WNBA free agency officially opened on Tuesday, April 7, and the market that greets players this year looks nothing like the one they navigated even two seasons ago. The league is operating under its new collective bargaining agreement that significantly raised player salaries, with the top maximum salary now exceeding $350,000 for supermax-eligible players. That number still looks small compared to the NBA, but it represents a dramatic increase from the $234,000 maximum that was in place before the CBA was renegotiated. Combined with marketing deals, endorsement income, and overseas playing opportunities, the top WNBA players are now earning seven-figure total compensation packages for the first time in league history. The financial floor has risen too, with minimum salaries now above $75,000 for rookies and $85,000 for veterans.
The business side of the league is what makes this free agency period feel like a genuine turning point rather than an incremental step forward. The WNBA's new media rights deal, which took effect in 2025, is worth more than $200 million annually across ESPN, Amazon Prime Video, and CBS Sports. That is roughly a 300 percent increase from the previous deal. Expansion fees for new franchises have climbed above $100 million per team, with Portland, Toronto, and other markets either confirmed or actively pursuing bids for 2026 and 2027 entry. Average game attendance hit record highs last season, driven in part by the Caitlin Clark and Angel Reese effect that brought millions of new fans into arenas and onto streaming platforms. The league has gone from a perennial question mark about its financial viability to a genuine growth asset in the sports media landscape.

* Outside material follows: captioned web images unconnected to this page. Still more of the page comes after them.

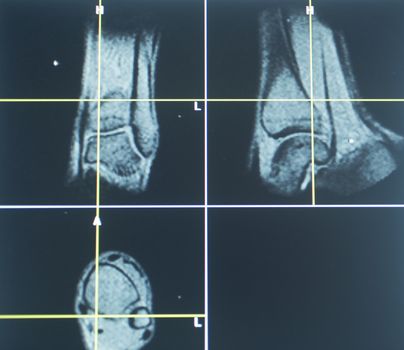 Examination of X-ray MRI CT on computer screen.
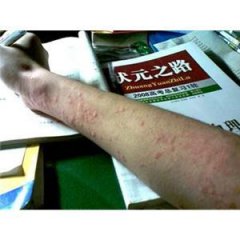 荨麻疹图片
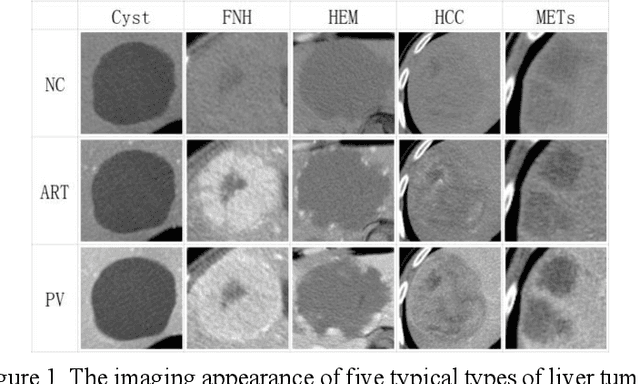 Figure 1 for PA-ResSeg: A Phase Attention Residual Network for Liver Tumor Segmentation from Multi-phase CT Images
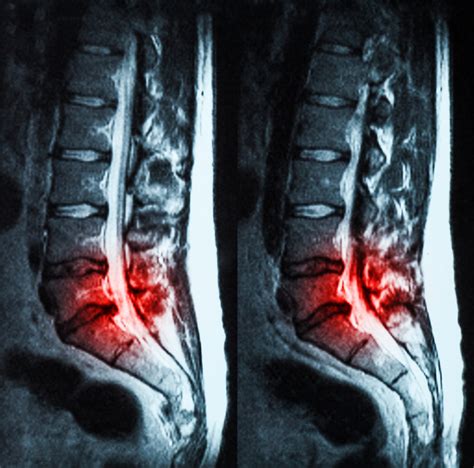 Symptoms Of Severe Spinal Stenosis Of L4 L5 Premia Spine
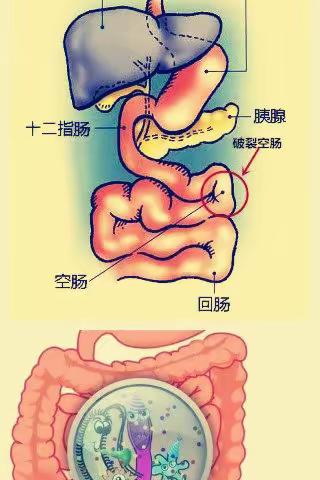 菏泽市第二人民医院行腹腔镜下空肠破裂修补术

Free agency itself features several high-profile names that will reshape the competitive landscape for 2026. Veteran stars who have spent their entire careers with one franchise are now weighing offers from expansion teams willing to pay premium salaries and offer equity-like incentive packages to attract marquee talent. The expansion teams understand that landing one or two recognizable names is worth far more than the salary cost because it drives ticket sales, merchandise revenue, and local media attention from day one. This dynamic mirrors what happened in the NBA during its expansion era in the late 1980s and 1990s, when new franchises used aggressive free agency moves to establish credibility and fan bases quickly rather than building slowly through the draft alone.
The coaching and front office market is equally active. Several teams have brought in executives with NBA, international, or college basketball backgrounds who bring different perspectives on player development, analytics integration, and roster construction. The professionalization of the front office infrastructure is a quieter story than player signings but arguably more important for the long-term competitiveness and stability of the league. Teams that invest in scouting networks, data analytics departments, and player development pipelines will have structural advantages that compound over multiple seasons. The era of part-time staffs and shoestring operations is ending rapidly as ownership groups with deep pockets raise the floor for what a professionally run WNBA franchise looks like.

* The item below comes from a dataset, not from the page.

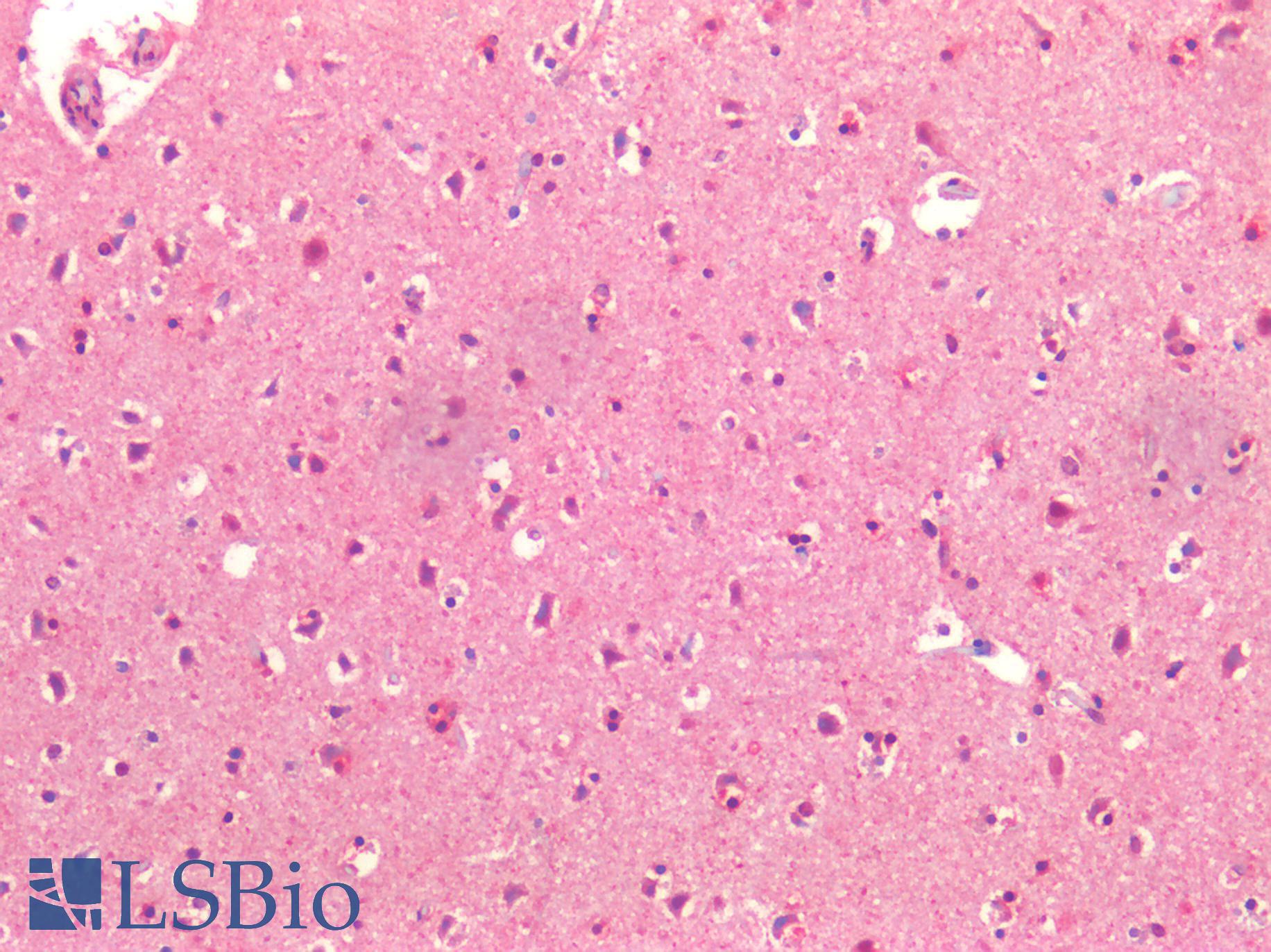 BECN1 / Beclin-1 Antibody - Human Brain, Cortex: Formalin-Fixed, Paraffin-Embedded (FFPE)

For fans and casual observers, the free agency period is worth following because it reveals where the league is headed competitively. Will the talent concentrate in a few superteams in major markets, or will the new CBA's revenue sharing and salary structures create more parity across the league? The answer will shape whether the WNBA follows the NBA's recent model of predictable contenders or develops something closer to the NFL's competitive balance where any team can realistically compete in a given year. Early indications suggest the league is moving toward a middle path. Star players still have financial incentives to join strong rosters, but the expansion teams and smaller market franchises now have enough resources to make competitive offers that were not possible three years ago.
The cultural significance of this moment extends beyond basketball. The WNBA's financial growth has become a reference point in broader conversations about pay equity, media investment in women's sports, and the economic potential of women's professional leagues. The National Women's Soccer League, Professional Women's Hockey League, and other women's sports organizations are all watching the WNBA's trajectory as a proof of concept for their own growth strategies. When the WNBA demonstrates that a women's professional league can command $200 million media deals and $100 million expansion fees, it changes the calculus for investors and broadcasters evaluating other women's sports properties.
This free agency window will stay open through mid-May, and the signings and trades that happen over the next six weeks will determine which teams enter the 2026 season as contenders and which are still building toward relevance.